Michigan State University
Computer Science & Engineering Department
CSE422 Computer Networks, Spring 2017
Laboratory 2: Web Proxy Server
Due: 23:59 Thursday, March 23, 2017
Note that you are neither required to follow these steps nor required to use the skeleton code
[link]. In the skeleton code, the missing parts that require your implementation are marked
with a comment /********TO BE IMPLEMENTED********/. Please feel free to modify the
helper classes if you prefer.
1. Run the client program (client.h/cc) and understand the usage of the helper classes.
Refer to .h files for function definitions and their purposes. Refer to .cc files for
implementations. More information can be found in Section 4.
2. Complete the missing part of proxy.cc. Create a TCP socket to accept a connection.
For TCPSocket class, please use try/catch to capture exceptions. You can find samples
in the client program. Refer to Section 12 for logs.
3. Complete the five functions that have a missing part in ProxyWorker.cc, in the following
order, getRequest, check request, forwardRequest, getResponse, and returnResponse.
More details can be found in Section 8.
4. In getResponse, completely identify/default transfer encoding before working on Chunked transfer encoding (Section 4). Refer to client program for more details.
5. Work on keyword filtering. Note that one requirement is filtering the hostname and
the other is filtering the path. (Section 8).
6. Work on subliminal messages (Section 5).
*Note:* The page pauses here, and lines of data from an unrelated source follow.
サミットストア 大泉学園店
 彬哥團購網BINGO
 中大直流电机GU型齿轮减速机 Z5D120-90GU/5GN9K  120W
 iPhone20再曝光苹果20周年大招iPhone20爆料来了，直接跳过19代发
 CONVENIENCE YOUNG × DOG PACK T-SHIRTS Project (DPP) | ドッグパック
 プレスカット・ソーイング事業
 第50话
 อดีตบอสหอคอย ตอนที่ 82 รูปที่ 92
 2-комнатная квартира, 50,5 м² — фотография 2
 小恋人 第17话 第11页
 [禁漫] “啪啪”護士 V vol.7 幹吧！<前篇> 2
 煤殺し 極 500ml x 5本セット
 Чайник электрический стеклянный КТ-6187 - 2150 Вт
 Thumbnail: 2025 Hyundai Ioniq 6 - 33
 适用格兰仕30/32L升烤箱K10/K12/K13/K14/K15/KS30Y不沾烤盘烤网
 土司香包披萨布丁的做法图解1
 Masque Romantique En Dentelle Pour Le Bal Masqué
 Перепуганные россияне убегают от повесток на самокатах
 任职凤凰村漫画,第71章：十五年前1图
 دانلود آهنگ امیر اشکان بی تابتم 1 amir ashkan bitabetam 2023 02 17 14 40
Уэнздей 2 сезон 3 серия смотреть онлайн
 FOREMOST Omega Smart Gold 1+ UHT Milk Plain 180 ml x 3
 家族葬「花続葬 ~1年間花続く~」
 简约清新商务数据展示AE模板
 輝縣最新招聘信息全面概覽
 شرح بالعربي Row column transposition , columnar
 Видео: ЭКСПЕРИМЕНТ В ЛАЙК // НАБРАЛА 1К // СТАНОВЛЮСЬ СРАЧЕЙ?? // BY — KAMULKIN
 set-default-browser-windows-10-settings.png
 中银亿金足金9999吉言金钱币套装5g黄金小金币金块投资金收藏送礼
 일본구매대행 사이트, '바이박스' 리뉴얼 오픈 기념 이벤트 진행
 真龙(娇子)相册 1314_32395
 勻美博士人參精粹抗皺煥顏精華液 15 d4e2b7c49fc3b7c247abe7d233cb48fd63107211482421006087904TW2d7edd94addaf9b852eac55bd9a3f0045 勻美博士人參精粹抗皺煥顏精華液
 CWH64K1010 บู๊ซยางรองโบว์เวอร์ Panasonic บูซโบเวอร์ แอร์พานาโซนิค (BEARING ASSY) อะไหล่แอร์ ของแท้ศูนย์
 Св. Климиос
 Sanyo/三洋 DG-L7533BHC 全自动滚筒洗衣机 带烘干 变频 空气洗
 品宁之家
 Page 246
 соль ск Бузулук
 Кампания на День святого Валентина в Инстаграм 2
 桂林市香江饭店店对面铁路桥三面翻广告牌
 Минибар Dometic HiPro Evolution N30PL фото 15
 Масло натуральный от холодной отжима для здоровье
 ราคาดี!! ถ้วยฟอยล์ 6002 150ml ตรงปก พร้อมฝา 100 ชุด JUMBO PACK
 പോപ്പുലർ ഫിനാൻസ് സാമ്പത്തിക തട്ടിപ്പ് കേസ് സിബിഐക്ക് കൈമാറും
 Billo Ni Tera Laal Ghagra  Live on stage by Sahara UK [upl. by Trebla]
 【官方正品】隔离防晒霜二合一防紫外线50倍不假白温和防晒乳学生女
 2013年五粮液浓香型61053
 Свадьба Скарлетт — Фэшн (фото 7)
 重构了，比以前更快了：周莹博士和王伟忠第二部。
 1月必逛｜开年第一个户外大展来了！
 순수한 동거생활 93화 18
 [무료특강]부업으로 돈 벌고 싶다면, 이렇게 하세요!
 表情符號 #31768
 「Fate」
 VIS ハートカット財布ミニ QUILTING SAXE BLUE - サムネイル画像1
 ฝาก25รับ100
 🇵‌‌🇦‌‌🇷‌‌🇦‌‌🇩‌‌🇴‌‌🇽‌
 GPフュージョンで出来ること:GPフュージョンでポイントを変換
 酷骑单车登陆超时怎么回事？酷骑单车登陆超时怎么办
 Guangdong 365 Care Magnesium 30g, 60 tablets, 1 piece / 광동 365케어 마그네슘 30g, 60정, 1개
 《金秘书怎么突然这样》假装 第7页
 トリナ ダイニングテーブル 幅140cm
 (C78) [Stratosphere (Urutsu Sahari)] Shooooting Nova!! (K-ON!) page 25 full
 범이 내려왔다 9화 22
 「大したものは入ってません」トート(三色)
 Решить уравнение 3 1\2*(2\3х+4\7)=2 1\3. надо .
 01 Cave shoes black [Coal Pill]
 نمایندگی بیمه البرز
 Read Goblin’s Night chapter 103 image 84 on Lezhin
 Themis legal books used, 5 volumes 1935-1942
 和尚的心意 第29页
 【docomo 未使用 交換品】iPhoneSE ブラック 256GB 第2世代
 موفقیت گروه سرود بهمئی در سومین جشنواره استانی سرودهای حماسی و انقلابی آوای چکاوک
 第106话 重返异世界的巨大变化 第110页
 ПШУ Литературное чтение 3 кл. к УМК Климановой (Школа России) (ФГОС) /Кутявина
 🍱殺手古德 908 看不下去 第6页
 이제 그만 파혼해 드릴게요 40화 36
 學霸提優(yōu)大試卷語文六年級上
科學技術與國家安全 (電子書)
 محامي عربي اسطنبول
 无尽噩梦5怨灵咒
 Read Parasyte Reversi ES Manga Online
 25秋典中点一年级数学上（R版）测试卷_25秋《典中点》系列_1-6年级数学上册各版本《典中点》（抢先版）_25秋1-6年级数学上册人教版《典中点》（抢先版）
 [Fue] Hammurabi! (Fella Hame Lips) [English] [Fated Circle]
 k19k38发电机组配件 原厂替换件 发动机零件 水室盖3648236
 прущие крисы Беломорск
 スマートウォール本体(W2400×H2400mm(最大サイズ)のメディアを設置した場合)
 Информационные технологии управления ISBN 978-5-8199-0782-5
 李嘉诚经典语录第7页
7. Try your proxy with real browsers (not required).
Apply your knowledge of socket programming in order to implement a real-world application
and gain some basic understanding of HTTP.
In this lab, you will implement a simple proxy server for HTTP that forwards requests from
clients to end servers and returns responses from end servers to the clients. You will also
implement a special function that inserts subliminal messages between HTTP web pages.
This lab is worth 12% of the final grade and is composed of 120 points. This lab
is due no later than 23:59 (11:59 PM) on Thursday, March 23, 2017. No late sub-
a mission will be accepted. You will submit your lab using the CSE handin utility
3.1 The HyperText Transfer Protocol, HTTP
The HyperText Transfer Protocol (HTTP) is the World Wide Web’s application-layer
protocol. HTTP operates by having a client (usually a browser) initiate a connection to
a server, send an HTTP request, and then read and display the server’s response. HTTP
defines the structure of these messages and how the clients and servers exchange messages.
A web object is simply a file, such as an HTML file, a JPEG image, or a video clip. A
web page usually consists of one HTML file with several referenced objects. A page or an
object is addressed by a single Uniform Resource Locator (URL). When one wants to access
an HTML page, the web browser initiates a request to the server and asks for the HTML
file. If the request is successful, the server replies to the web browser with a response that
contains the HTML file. The web browser examines the HTML file, identifies the referenced
objects, and for each referenced object, initiates a request to retrieve the object.
An example of an HTTP request/response is shown in Figure 1. The request has only a
message header and does not have a message body. The response consists of a message header
followed by a message body, which is the HTML file requested. The header is composed of
several lines, separated by a carriage return and line feed (CRLF, “\r\n”). For each message,
the first line of the header indicates the type of the message. Zero or more header lines follow
the first line; these lines specify additional information about this message. The end of the
header is indicated by an empty line. The message body may contain text, binary data, or
even nothing at all.
There are actually 8 different HTTP request methods, however, in this lab, we consider only
the GET method, which is used to request objects from the server. The GET request must
include the path to the object the client wishes to download and the HTTP version. In the
above example, the path is /~liuchinj/cse422ss17/index.html and the HTTP version is
HTTP/1.1. Some request methods, such as POST, transmit data to the server in a message
body. However, the GET method does not have a message body.